Façade Solar Analysis

  • ISR (Incident Solar Radiation): measures the total annual solar radiation received by façade surfaces.
  • DSH (Direct Sun Hours): measures the number of hours façade surfaces receive direct sunlight.
Diagram of the KPI families used in the BIM evaluation framework.
The KPI framework consolidates spatial, material, modular, and environmental readings into a shared evaluation structure for the BIM model.

KPI Sheets

First, a summary of the building’s performance is presented. Then, each KPI is displayed on a specific sheet with views and a schedule.

1. Column-Free Area Ratio (CFAR)

CFAR documentation sheet with axonometric, elevations, and level schedule.
CFAR documentation sheet showing schedule-based validation by level.

2. Material Usage Intensity (MUI)

MUI documentation sheet with filtered volumetric views and schedule by level.
MUI documentation sheet showing schedule-based level comparison.

3. Effective Solar Exposure (ESE)

ESE documentation sheet showing normalized solar exposure across the building.
ESE documentation sheet with schedule-based validation by level.

4. Direct Sunlight Availability (DSA)

DSA documentation sheet showing daylight availability by level and schedule.
DSA documentation sheet with level-based schedule validation.

5. Modularity Index (MI)

Modularity documentation sheet showing façade panel repetition and type distribution.
Modularity documentation sheet with schedule and panel type counts.

Analysis: Incident Solar Radiation (ISR)

ISR analysis sheet showing façade radiation ranges and analytical views.
ISR analysis sheet with schedule-based façade radiation ranges.

Analysis: Direct Sun Hours (DSH)

DSH analysis sheet showing façade sun-hour ranges and analytical views.
DSH analysis sheet with schedule-based direct sun hours ranges.

From Data to Native Revit Documentation

The final output of the workflow is not a dashboard detached from the model. It is a coordinated documentation set where KPI values appear in schedules, diagrams, elevations, exploded views, and color-coded sheets. This gives designers and reviewers access to numerical information, visual interpretation, and architectural representation within the same Revit environment.

Revit sheets showing KPI schedules, diagrams, and model-based documentation outputs.
The final output is a coordinated documentation set where KPI values appear directly in sheets, diagrams, schedules, and model views.

System Identification and Typology Logic

The workflow begins with a level-based volumetric abstraction used to compare KPI behavior across the building mass.

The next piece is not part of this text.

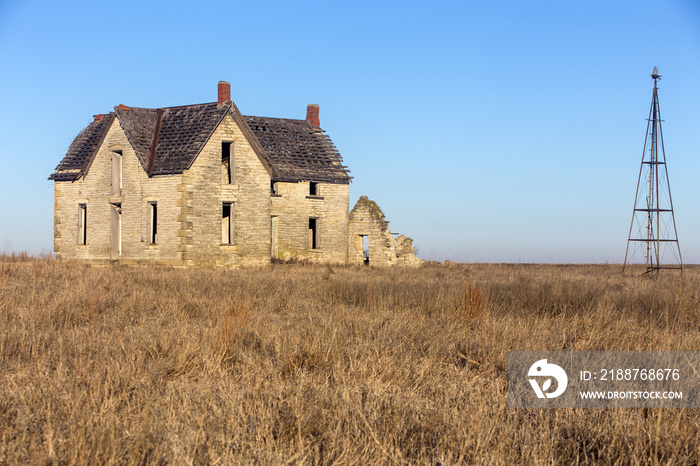 abandoned stone house of Dr. William B. Jones near Florence, Kansas; partial windmill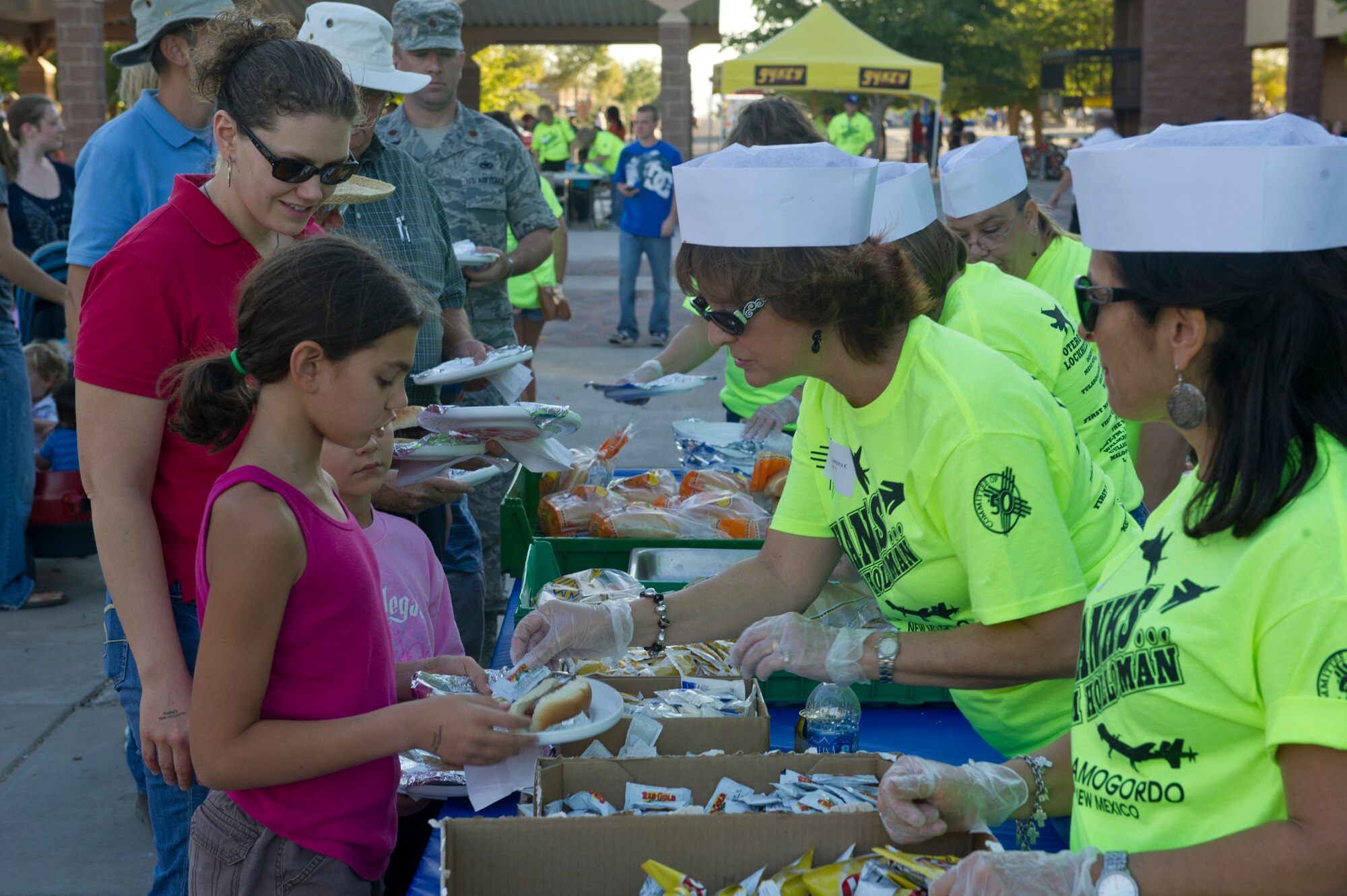 Volunteers from the Tularosa Basin community serve food to members of Team Holloman in the dormitory courtyard during this year’s Thanks Team Holloman celebration at Holloman Air Force Base, N.M., Oct. 4. This annual event is hosted by the Committee of 50 and local businesses from Alamogordo to show their appreciation for all members of Team Holloman. (U.S. Air Force photo by Airman 1st Class Chase Cannon/Released)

Once the metrics are stabilized and validated through schedules, the process shifts toward a detailed model layer where naming systems, typology control, modularity, and constructibility can be documented natively in Revit.

System overview showing panel, slab, core, column, and exoskeleton relationships.
System overview showing panel, slab, core, column, and exoskeleton relationships.
Typology views grouping panels by Panel ID prefix and members by modularity range.
Typology views grouping panels by Panel ID prefix and members by modularity range.

Modularity and Constructability Control

Modularity and constructability sheet showing panel repetition, member ranges, and buildable interfaces.
Modularity and constructability sheet showing panel repetition, member ranges, and buildable interfaces.

Workflow Success Criteria

Integration. Performance metrics become part of the BIM model.
Readability. The same data drives both visual interpretation and formal documentation.
Reliability. Structured parameter mapping improves consistency across outputs.

Current Limitations and Improvement Areas

The workflow still depends on robust parameter naming, consistent element association, and stable mapping between Grasshopper and Revit. Any mismatch in those structures can affect KPI assignment and documentation accuracy. In addition, current color visualization relies on predefined value ranges, which limits dynamic threshold control directly inside Revit.

Conclusion

Hyperbuilding 02 Data Team did not simply calculate metrics. It built a framework where KPI evaluation becomes interoperable, visual, and documentable. In that sense, the project demonstrates a key ambition of integrative modeling: not only to move geometry between platforms, but to move intelligence, criteria, and decision-making into the BIM model itself.